The power of attorney allows you to act on behalf of the person granting you power of attorney. The document that grants you power of attorney will usually specify what actions you can take on behalf of another person and how long your power of attorney will last. A power of attorney can grant only a few specific powers, or it can grant broad, general powers.
Validity of Will
In order for a will to be valid, it must be signed by the testator, or the person making the will. All states also require the testator's signature to be witnessed by at least two witnesses; Vermont requires three witnesses, and Louisiana requires a notary in addition to two witnesses. In all states, the testator must sign her own will or the court will declare the will invalid.
When a probate court considers the validity of a will, it is usually considering whether or not the testator, or person making the will, had the capacity to make the will. The testator's signature on a will is considered evidence that the will is genuine, not a forgery. Without the testator's signature or with the signature of another person, like a power of attorney, the probate court is far more likely to consider the will a forgery.
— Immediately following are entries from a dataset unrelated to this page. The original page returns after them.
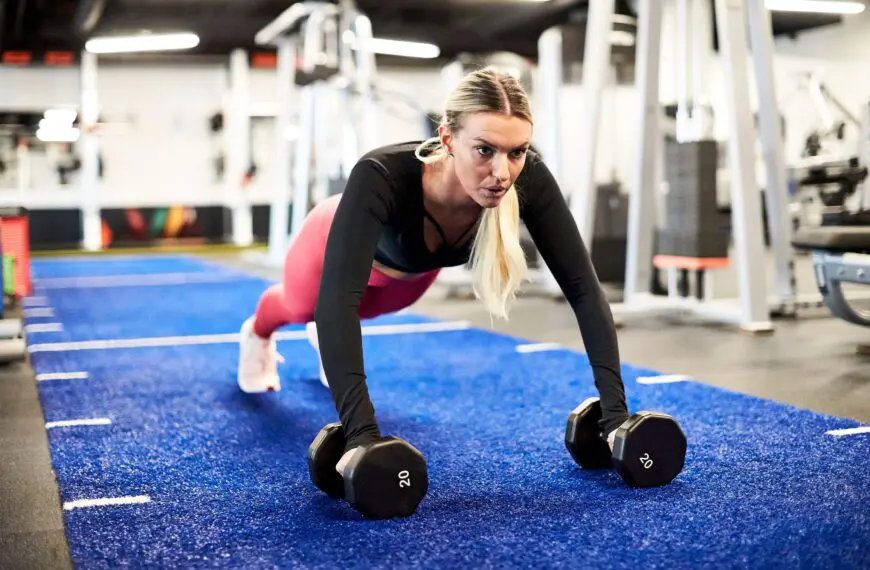 fit woman using dumbbells to do push ups scaled e1630001100682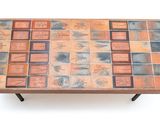 a coffee table with a tile top on a white background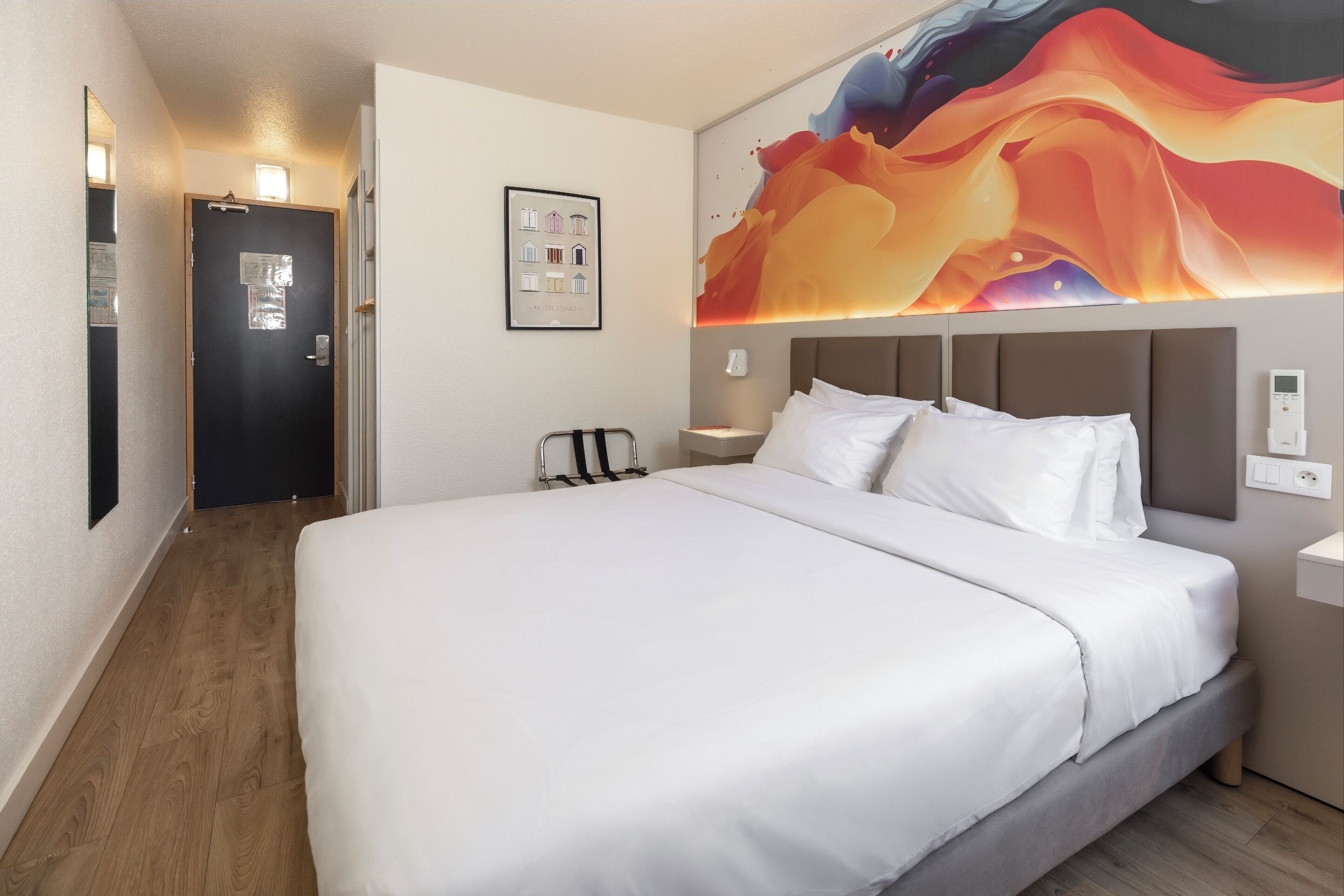 A hotel room with a large bed, a headboard, a wall-mounted artwork, a bedside table, and a door.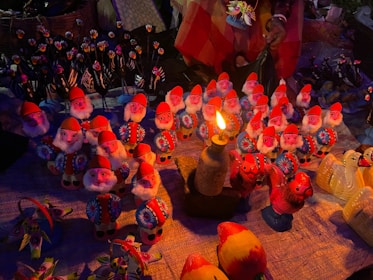 Many small gnome figurines illuminated by a single candle.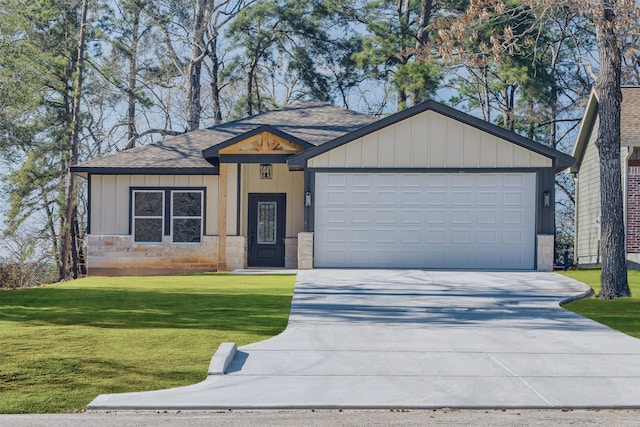 view of front of house featuring a garage, concrete driveway, a front lawn, board and batten siding, and roof with shingles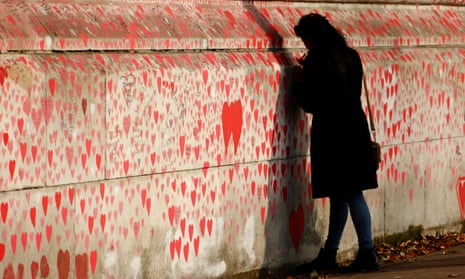 A woman writes a message onto the UK’s national Covid memorial wall on the south bank footpath of the  Thames in London.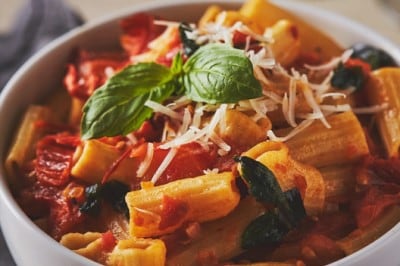 Bowl of macaroni pasta with fresh tomato sauce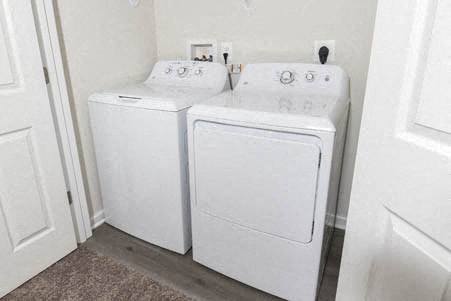 two white washers and dryers in a white room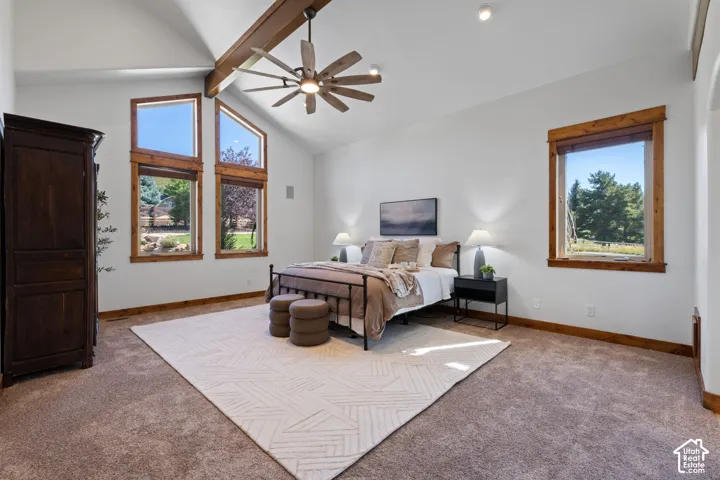 Vaulted ceiling with exposed wood beam, ceiling fan, multiple large windows with wood trim, and recessed lighting
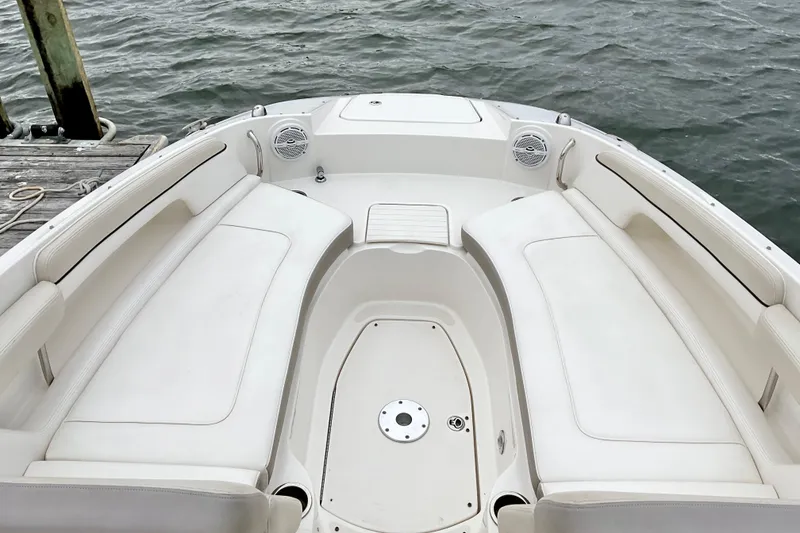 Slide: The Image of 2013 Sea Ray 280 Sundeck boat interior with white seating and open water view. - 5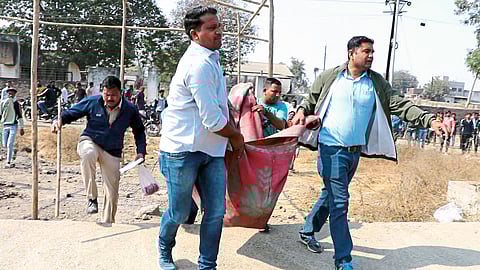 Jalgaon: Police personnel carrying the burnt body found in front of the police station in the industrial estate area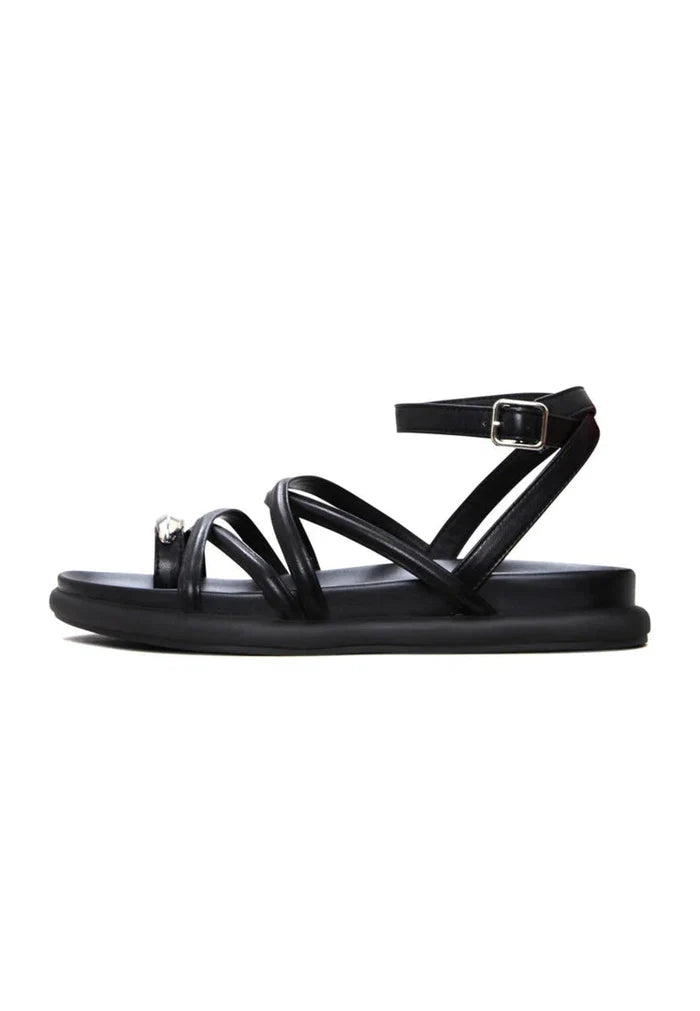 A close-up image of stylish women's leather strappy sandals, perfect for summer fashion and comfortable everyday wear.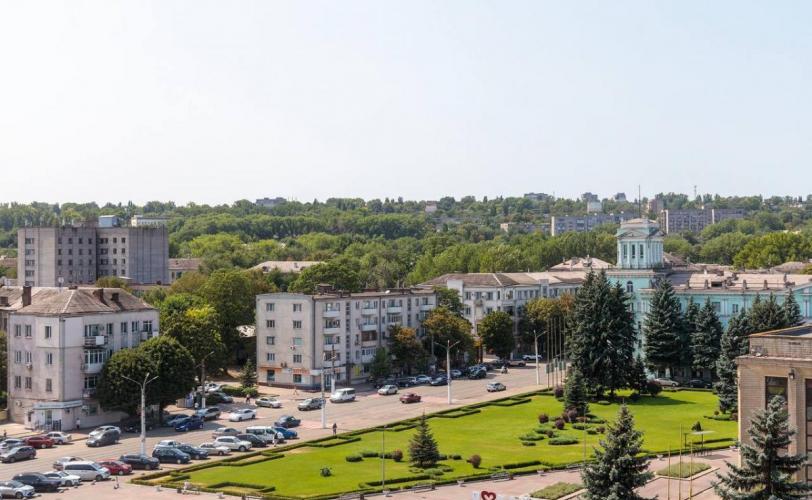 город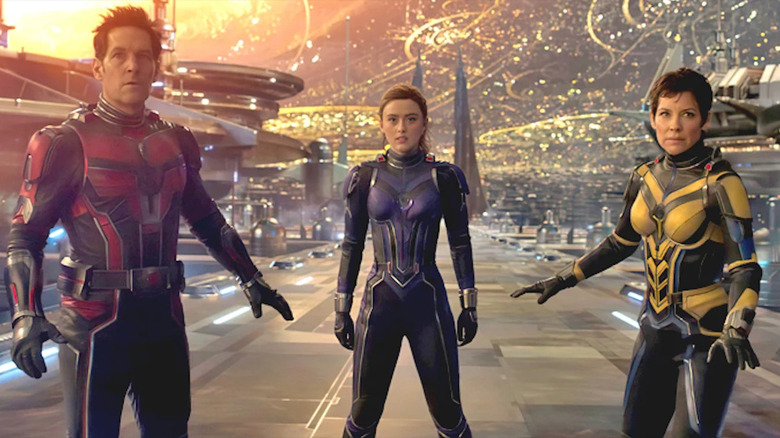 Ant-Man, his daughter, and the Wasp in a Quantumverse city in Ant-Man and the Wasp: Quantumania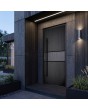 Black front door with milled geometric patterns
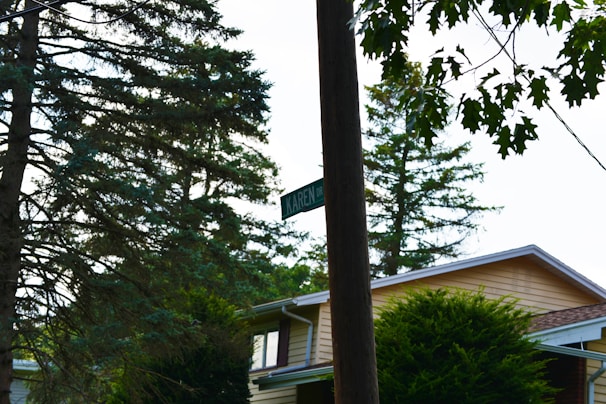 A freshly installed white postline sign post standing on a suburban lawn under a clear blue sky.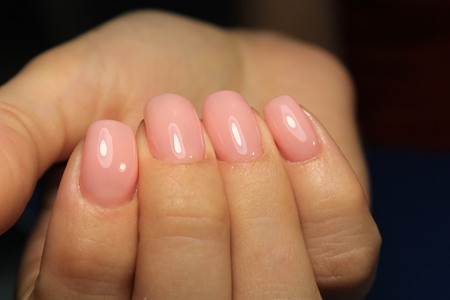 Amazing natural nails. Women's hands with clean manicure. Gel polish applied.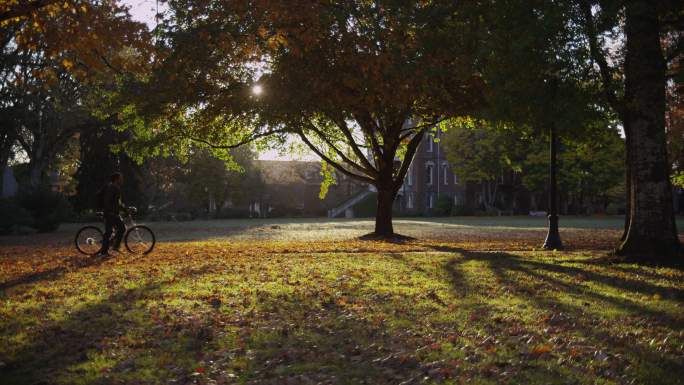 大学生在校园里推着自行车走过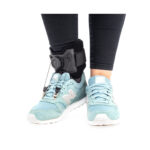 Osoba w czarnych spodniach i jasnoniebieskich butach, nosząca urządzenie wspomagające chodzenie z czujnikiem na kostce.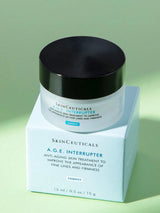 Bloomvera SkinCeuticals A.G.E. Interrupter Advanced anti-aging wrinkle face cream jar with a white lid and sleek packaging.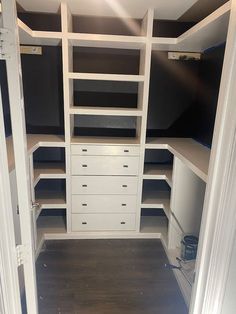 an empty walk in closet with shelves and drawers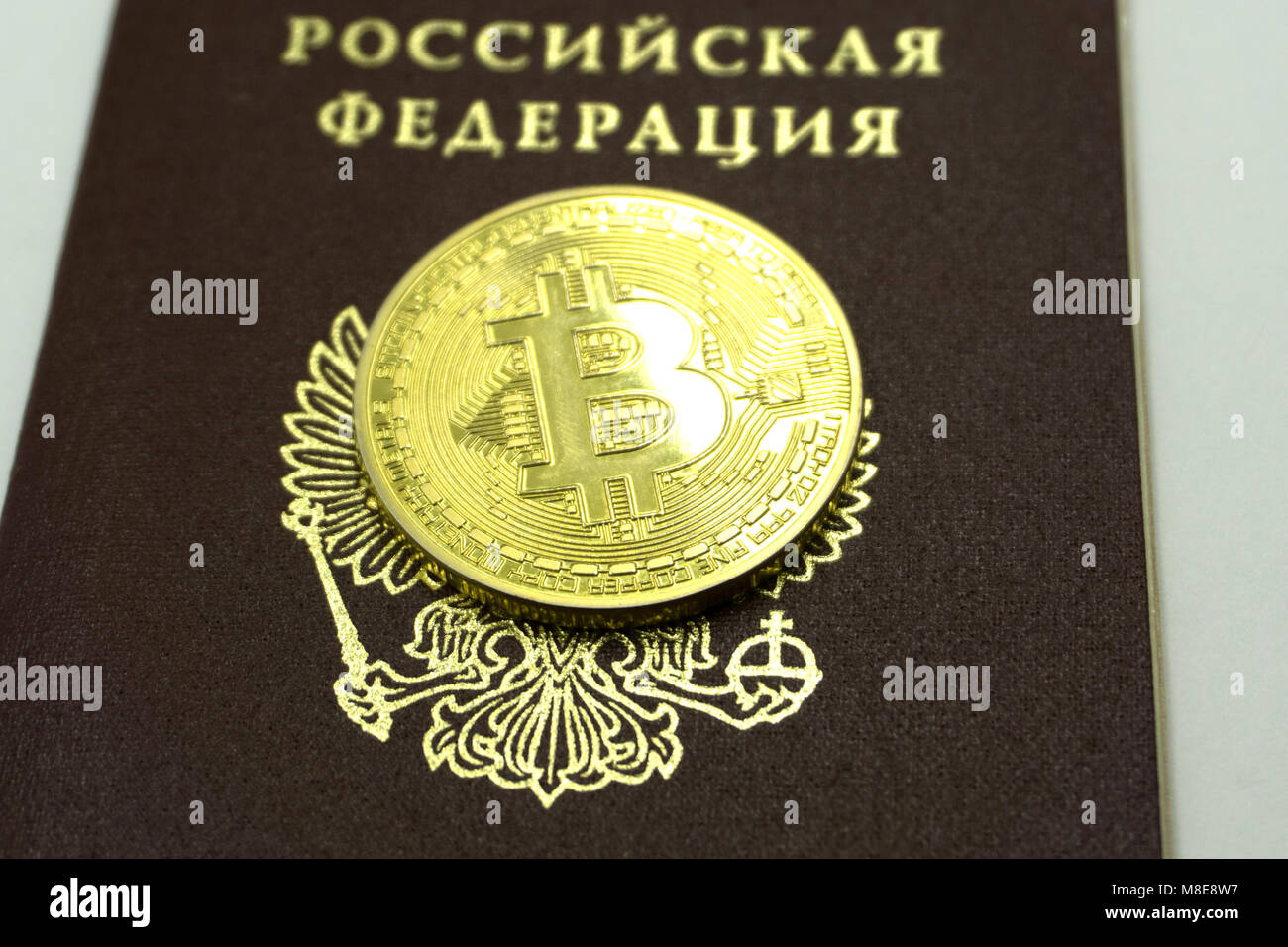 Bitcoin coins and passport on white background Stock Photo Alamy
A handful of states recognize one exception, in extremely limited circumstances, for the rule that only the testator can sign his will. These states recognize nuncupative, or oral, wills. Even in these states, however, nuncupative wills can only be used in very specific circumstances, must be witnessed by at least two people, and must be reduced to writing and signed by the witnesses shortly after the testator passes away. If a person with power of attorney is one of the witnesses to a nuncupative will, she may sign the written version of that will as a witness, but she may not sign on behalf of the testator.